I started High School soon after my family and I arrived to the United States. I had no clue what High School was like or supposed to be like.
Before we escaped from our country, I only finished sixth grade. I spent a year in the deep south, rural area of the country in hiding to prepare for the escape and another year in a refugee camp. I did nothing but fooling around. To think about it, even when I was still in school, I did nothing. I don't remember studying much. I do remember isolating myself from the other kids, though. I do remember noticing I was different from them. I didn't know what was different, but I knew I was different.

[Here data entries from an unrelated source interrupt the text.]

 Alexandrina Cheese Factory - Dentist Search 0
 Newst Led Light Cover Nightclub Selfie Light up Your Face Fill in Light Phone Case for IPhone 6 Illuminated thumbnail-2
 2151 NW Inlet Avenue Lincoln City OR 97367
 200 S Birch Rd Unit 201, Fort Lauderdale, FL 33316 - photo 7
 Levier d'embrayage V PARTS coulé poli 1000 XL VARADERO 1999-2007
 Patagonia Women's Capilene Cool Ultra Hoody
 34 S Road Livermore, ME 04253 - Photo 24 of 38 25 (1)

I was not bullied by the others, though. I guess they respected me because I was smart or, at least, smarter than they. Or, maybe I just didn't give a damn if they teased me.

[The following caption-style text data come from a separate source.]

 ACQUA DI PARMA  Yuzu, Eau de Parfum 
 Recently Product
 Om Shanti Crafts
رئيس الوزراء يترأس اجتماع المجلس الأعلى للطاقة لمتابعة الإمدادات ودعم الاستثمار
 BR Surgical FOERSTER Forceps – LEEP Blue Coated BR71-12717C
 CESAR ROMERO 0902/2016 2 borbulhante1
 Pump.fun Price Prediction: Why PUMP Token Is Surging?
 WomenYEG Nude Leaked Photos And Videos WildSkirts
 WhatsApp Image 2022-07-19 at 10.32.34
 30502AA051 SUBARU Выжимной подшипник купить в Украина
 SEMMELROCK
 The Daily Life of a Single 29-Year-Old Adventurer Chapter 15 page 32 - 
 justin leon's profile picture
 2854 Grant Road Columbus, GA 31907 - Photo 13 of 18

Anyway, that confidence didn't last when I had to take P.E. in tenth grade. I had no clue what P.E. was. On the first day, the butchy, probably lesbian teacher made me play softball. Unfortunately, I was the first one to bat. I didn't know why she picked me first; maybe it was because I was a tiny kid...who knew. Suddenly, some kid threw a ball at me. Then, a whole bunch of the other kids yelled...hit, hit, hit!!! What the heck? So, the kid threw it another time. This time, I hit the ball pretty far. And I stood right there...
So...the butchy teacher came over and grabbed my shirt at the collar and yelled, whatever it was...I had no clue and was taken by surprise.
She probably yelled, "What the F are you thinking?" Well, what the F were you thinking, butchy female P.E. teacher? I was fresh out of the boat...literally...I was one of those boat people! In my country, the communitsts threw grenades! In my country, I used to sell candies and bananas since age eight to help my family. How the heck was I supposed to know what softball was?
Anyway, that was the least of my concern during P.E. If I had no problem getting straight A's in all of my other classes, I didn't think it would have been possible for some softball games to bring my GPA down. My concern was my smooth body and hairless legs!
The Whites had hair; the Blacks had hair; the Hispanics had hair. My legs had no hair! AND my mom didn't have the money to get me a pair of sweat pants to hide them. My P.E. shorts were from my cousin. Why didn't he wear sweat pants before and hand them down to me? Every morning, for two years, I had to show my hairless legs!!! I was so conscious about it. I was horrified. I was so scared that one morning some kid would notice my legs and know I was gay. I thought my body was smooth because I was gay.
Have you ever prayed for hair to grow on your body? I know people do pray for hair to grow on their head but never on their body! Well, I did! I did for the longest time.
It is horrible how people keep on making assumptions and, therefore, torture themselves and other people. The butchy female P.E. teacher assumed I knew what softball was and acted in a very un-lady like manner. I assumed I didn't have hair on my body because I was gay and tortured myself for a long time. I assumed, I assumed, and I assumed many things about my being gay. At the end of the day, I locked myself within my own box, my own prison. I only came out to act, to play the main character of my own play...at all times, worrying that I would slip or forget my lines, not knowing when the play would end.
Today, the play has ended. And I am glad I have a smooth body.